### What needs to be done:
Reproduce the following data exactly, minus any images.

### Data supplied:
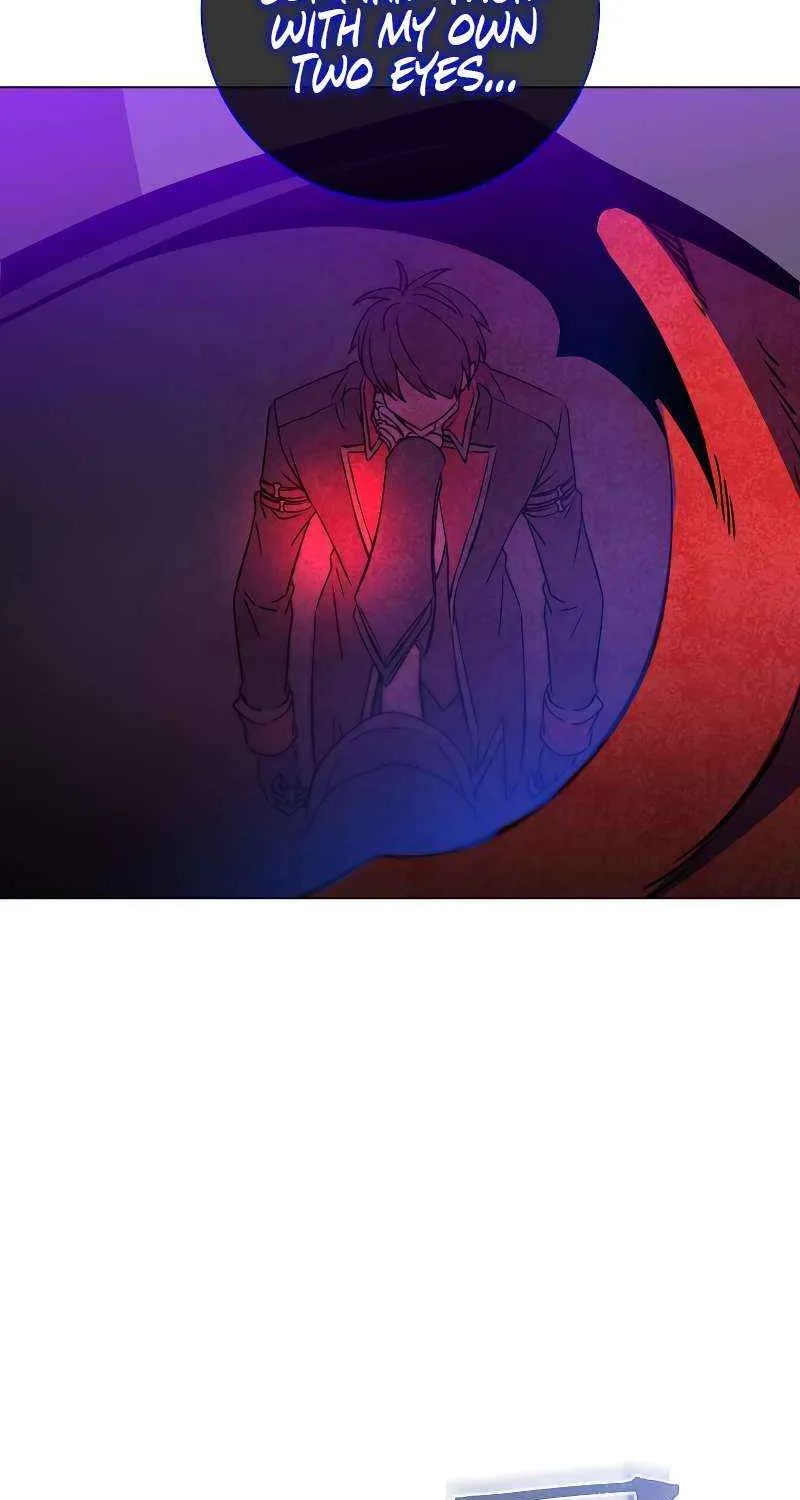 Read The MAX leveled hero will return! chapter 160 image 27 on Lezhin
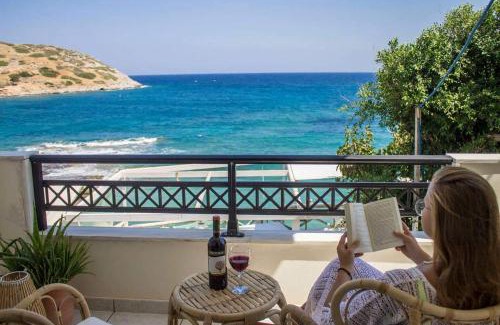 Mochlos Maison | VILLA AKTI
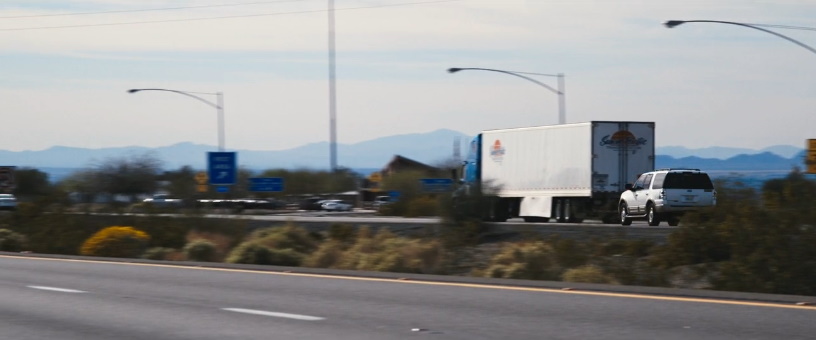 2003 Ford Expedition Eddie Bauer [U222]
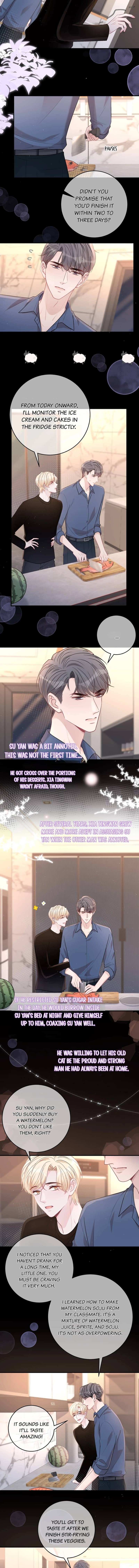 Miss You Chapter 84.4 page 5 - 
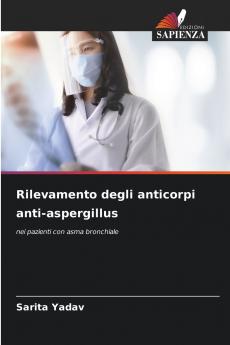Rilevamento degli anticorpi anti-aspergillus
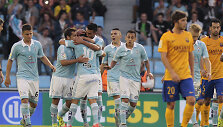 &bdquo;Celta&ldquo; triumfas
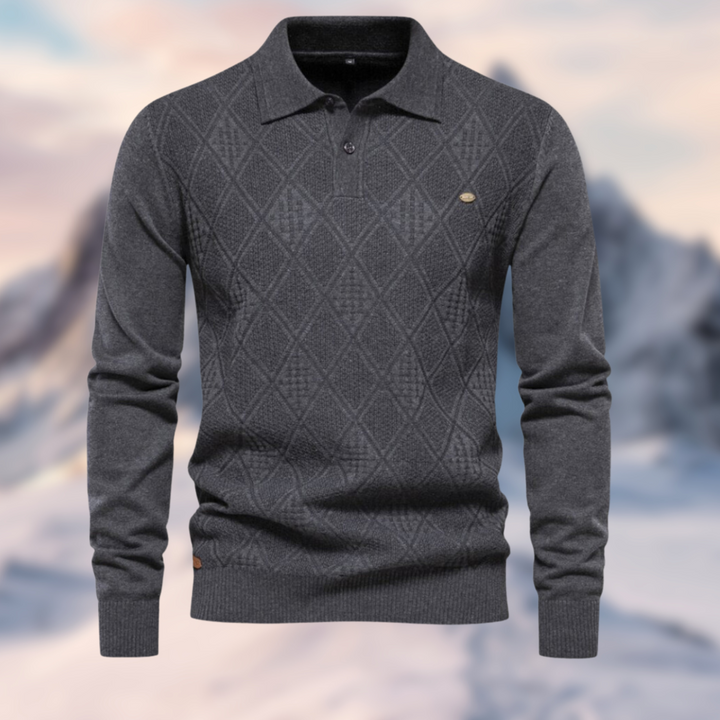 W&W Mode | Lässiger Pullover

### Task output:
 Read The MAX leveled hero will return! chapter 160 image 27 on Lezhin
 Mochlos Maison | VILLA AKTI
 2003 Ford Expedition Eddie Bauer [U222]
 Miss You Chapter 84.4 page 5 - 
Rilevamento degli anticorpi anti-aspergillus
 &bdquo;Celta&ldquo; triumfas
 W&W Mode | Lässiger Pullover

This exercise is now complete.